What ... you expected civility?

Even in a healthcare debate that has regularly descended into name-calling and screeching, the tenor of a forum staged Tuesday night in Reston, Va., must mark some sort of new low. The recipe for disaster was there from the start: a controversial issue. A big venue. The promise of television footage for the folks who could scream the loudest. The presence of Howard Dean, a doctor, supporter of the public healthcare option -- and a favorite punching bag for conservatives.

The only thing needed was a spark.

Dean was introduced by Democratic Representative Jim Moran, whose district, Virginia's 8th, encompasses Reston. "He's a great guy, he's a terrific person, we're honored to have him with us," Moran said of Dean. And with that, the fire was set. Loud, fervent howling drowned out Dean's first few words. Discussion? Impossible. So Dean stepped aside, and Moran grabbed the mic again. (Video below.)

"I'm sorry but I can't even hear the governor and I'm sitting next to him, which means that are hundreds of people in this gymnasium who can't hear him because of a handful of people," Moran said. "Now these people are not from the 8th district, and they really don't belong here, and I'm going to ask them to leave."

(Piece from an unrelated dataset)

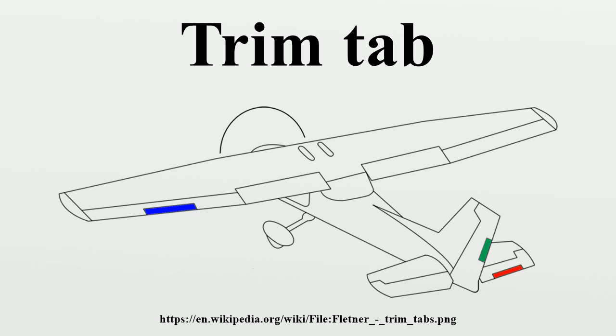The moment generated by the tab can match the moment generated by the control surface. The position of the control surface on its axis will change until the torques from the control surface and the trim surface balance each other.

Focus on the penultimate clause: "They really don't belong here." Did Moran mean illegal immigrants? No. He meant that the people screaming the loudest probably weren't from the 8th district. He meant that people screaming the loudest were probably shipped in by outside organizers. He meant, in other words, that there was a whole lot of AstroTurfing going on.

Was he right?

Partly. Although plenty of folks weren't shipped in for the forum, a handful were -- and according to reports from the floor of the gymnasium, it may have been the latter party that was drowning out Dean. The Hill, for instance, notes that the Reston forum "was the last stop on a 10-city tour for Randall Terry, the anti-abortion activist known for his extreme tactics."

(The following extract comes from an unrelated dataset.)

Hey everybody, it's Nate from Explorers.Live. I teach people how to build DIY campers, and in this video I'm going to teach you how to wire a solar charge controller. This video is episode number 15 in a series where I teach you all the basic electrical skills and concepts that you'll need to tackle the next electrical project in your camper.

Terry, who heads an anti-abortion group called Operation Rescue, apparently dressed himself in a white lab coat and pretended to stab a friend. And he brought along a group of supporters, who yelled and jeered at regular intervals through the event. Here's a piece from Salon on the forum:

It only got worse when, after a disruption, Moran said there were some people in attendance who don't live in his district, had come there only to disrupt the meeting, and would have to leave, eventually singling out Terry. As shouts of "baby killer" rang out, Moran said Terry needed to leave, but then reconsidered, offering him the chance to ask the first question as long as he ended his protest and kept the question short enough that other people would still have their chance. Terry didn't take the offer -- instead, he was led out by police as he loudly accused Dean of murdering babies.

At any rate, we probably should have seen the whole thing coming. As Katharine Q. Seelye of the New York Times wrote today, "Did anyone think that a highly publicized healthcare town hall within easy driving distance of Washington would not draw a massive display of AstroTurf?"